Hi @GarrickLin, same for me. Even I have tried hg_s8_b1
architecture by running the provided hg_s8_b1.sh
file. (It is available in drive files.)
Is there any substantial change after your experiments @bearpaw?
Here are the results so far:
Epoch: 2 | LR: 0.00050000
Processing |################################| (1854/1854) Data: 0.000218s | Batch: 0.484s | Total: 0:17:43 | ETA: 0:00:01 | Loss: 0.0061 | Acc: 0.0001
Processing |################################| (247/247) Data: 0.000111s | Batch: 0.384s | Total: 0:01:34 | ETA: 0:00:01 | Loss: 0.0065 | Acc: 0.0012
Epoch: 3 | LR: 0.00050000
Processing |################################| (1854/1854) Data: 0.000162s | Batch: 0.393s | Total: 0:17:18 | ETA: 0:00:01 | Loss: 0.0056 | Acc: 0.0007
Processing |################################| (247/247) Data: 0.000095s | Batch: 0.380s | Total: 0:01:33 | ETA: 0:00:01 | Loss: 0.0250 | Acc: 0.0004
Epoch: 4 | LR: 0.00050000
Processing |################################| (1854/1854) Data: 0.000209s | Batch: 0.858s | Total: 0:17:30 | ETA: 0:00:01 | Loss: 0.0049 | Acc: 0.0015
Processing |################################| (247/247) Data: 0.000110s | Batch: 0.379s | Total: 0:01:33 | ETA: 0:00:01 | Loss: 0.7430 | Acc: 0.0000
Epoch: 5 | LR: 0.00050000
Processing |################################| (1854/1854) Data: 0.000161s | Batch: 0.402s | Total: 0:17:45 | ETA: 0:00:01 | Loss: 0.0044 | Acc: 0.0033
Processing |################################| (247/247) Data: 0.000104s | Batch: 0.396s | Total: 0:01:37 | ETA: 0:00:01 | Loss: 3.5382 | Acc: 0.0000
Epoch: 6 | LR: 0.00050000
Processing |################################| (1854/1854) Data: 0.000187s | Batch: 0.442s | Total: 0:17:53 | ETA: 0:00:01 | Loss: 0.0043 | Acc: 0.0064
Processing |################################| (247/247) Data: 0.000093s | Batch: 0.393s | Total: 0:01:37 | ETA: 0:00:01 | Loss: 20.5096 | Acc: 0.0000
@mkocabas try to reduce the learnong rate, which works for me
Which value did you use? 2.5e-4? Did you remain optimizer as RMSProp?

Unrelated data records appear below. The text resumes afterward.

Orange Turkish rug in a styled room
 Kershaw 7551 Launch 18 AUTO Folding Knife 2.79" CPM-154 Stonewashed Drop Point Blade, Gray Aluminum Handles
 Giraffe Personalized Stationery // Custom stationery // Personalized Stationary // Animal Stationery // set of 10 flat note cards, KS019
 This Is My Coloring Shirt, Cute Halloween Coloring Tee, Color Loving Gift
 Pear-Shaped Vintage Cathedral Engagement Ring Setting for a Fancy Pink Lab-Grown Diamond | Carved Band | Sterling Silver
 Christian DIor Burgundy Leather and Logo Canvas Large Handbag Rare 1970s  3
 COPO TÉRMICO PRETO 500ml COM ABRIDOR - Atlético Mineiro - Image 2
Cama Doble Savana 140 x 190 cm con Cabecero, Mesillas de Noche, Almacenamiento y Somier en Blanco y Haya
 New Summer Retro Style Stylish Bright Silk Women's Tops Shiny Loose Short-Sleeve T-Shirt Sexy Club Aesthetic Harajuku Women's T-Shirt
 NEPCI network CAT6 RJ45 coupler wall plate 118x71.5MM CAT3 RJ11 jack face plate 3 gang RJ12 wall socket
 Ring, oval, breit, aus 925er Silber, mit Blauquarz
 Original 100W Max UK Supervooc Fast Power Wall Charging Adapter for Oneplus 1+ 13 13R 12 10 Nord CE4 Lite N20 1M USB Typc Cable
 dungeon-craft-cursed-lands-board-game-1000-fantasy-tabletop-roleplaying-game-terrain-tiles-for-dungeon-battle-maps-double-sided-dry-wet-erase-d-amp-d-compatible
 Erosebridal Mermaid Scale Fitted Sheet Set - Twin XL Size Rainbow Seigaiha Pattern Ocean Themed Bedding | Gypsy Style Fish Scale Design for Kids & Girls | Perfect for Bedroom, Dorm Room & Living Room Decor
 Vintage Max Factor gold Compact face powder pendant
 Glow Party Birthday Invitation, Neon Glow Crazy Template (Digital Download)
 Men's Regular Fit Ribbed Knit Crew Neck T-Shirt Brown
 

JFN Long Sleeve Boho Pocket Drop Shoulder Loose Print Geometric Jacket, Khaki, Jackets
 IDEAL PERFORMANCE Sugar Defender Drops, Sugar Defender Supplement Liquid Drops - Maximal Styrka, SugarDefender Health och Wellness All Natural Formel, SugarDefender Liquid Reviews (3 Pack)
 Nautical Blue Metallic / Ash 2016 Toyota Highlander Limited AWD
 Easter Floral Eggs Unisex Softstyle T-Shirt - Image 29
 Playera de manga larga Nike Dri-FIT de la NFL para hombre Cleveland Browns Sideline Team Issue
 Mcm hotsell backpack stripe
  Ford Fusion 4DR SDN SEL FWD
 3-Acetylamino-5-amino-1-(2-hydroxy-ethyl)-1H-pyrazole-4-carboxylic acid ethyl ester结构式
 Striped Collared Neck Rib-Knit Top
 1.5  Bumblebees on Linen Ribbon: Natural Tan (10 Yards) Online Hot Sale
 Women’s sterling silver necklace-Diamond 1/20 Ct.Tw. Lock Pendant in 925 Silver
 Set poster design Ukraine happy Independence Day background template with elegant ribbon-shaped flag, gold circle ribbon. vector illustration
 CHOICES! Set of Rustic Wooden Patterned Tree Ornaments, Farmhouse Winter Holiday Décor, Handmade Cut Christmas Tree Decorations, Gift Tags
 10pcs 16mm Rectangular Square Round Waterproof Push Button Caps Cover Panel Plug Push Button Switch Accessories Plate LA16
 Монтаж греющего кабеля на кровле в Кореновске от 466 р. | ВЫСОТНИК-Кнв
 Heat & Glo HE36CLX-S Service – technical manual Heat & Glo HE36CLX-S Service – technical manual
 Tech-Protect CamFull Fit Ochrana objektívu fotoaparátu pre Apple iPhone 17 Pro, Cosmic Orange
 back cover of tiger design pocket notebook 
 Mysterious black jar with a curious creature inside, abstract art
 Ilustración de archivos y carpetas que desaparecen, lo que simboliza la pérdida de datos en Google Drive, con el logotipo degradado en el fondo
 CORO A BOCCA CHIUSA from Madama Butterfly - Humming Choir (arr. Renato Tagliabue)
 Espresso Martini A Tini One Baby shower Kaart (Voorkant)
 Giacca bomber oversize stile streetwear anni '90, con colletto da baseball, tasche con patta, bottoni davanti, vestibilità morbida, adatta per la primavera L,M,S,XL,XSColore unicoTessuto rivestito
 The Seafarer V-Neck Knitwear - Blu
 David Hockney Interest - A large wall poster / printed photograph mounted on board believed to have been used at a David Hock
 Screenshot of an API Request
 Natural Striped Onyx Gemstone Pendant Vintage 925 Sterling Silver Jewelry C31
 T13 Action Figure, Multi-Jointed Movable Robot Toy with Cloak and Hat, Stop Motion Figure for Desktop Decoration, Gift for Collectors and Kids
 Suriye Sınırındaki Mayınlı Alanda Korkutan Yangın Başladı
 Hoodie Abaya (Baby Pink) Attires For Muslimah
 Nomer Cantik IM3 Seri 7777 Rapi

I didn't change the default optimizer, but it might be the problem. It works after reducing the init learning rate to a smaller one (not remember very well), you can have a try.
Thanks!
Sorry for the confusing, for batch size 6, you should use lr 2.5-e4. You can use larger lr for larger batch size.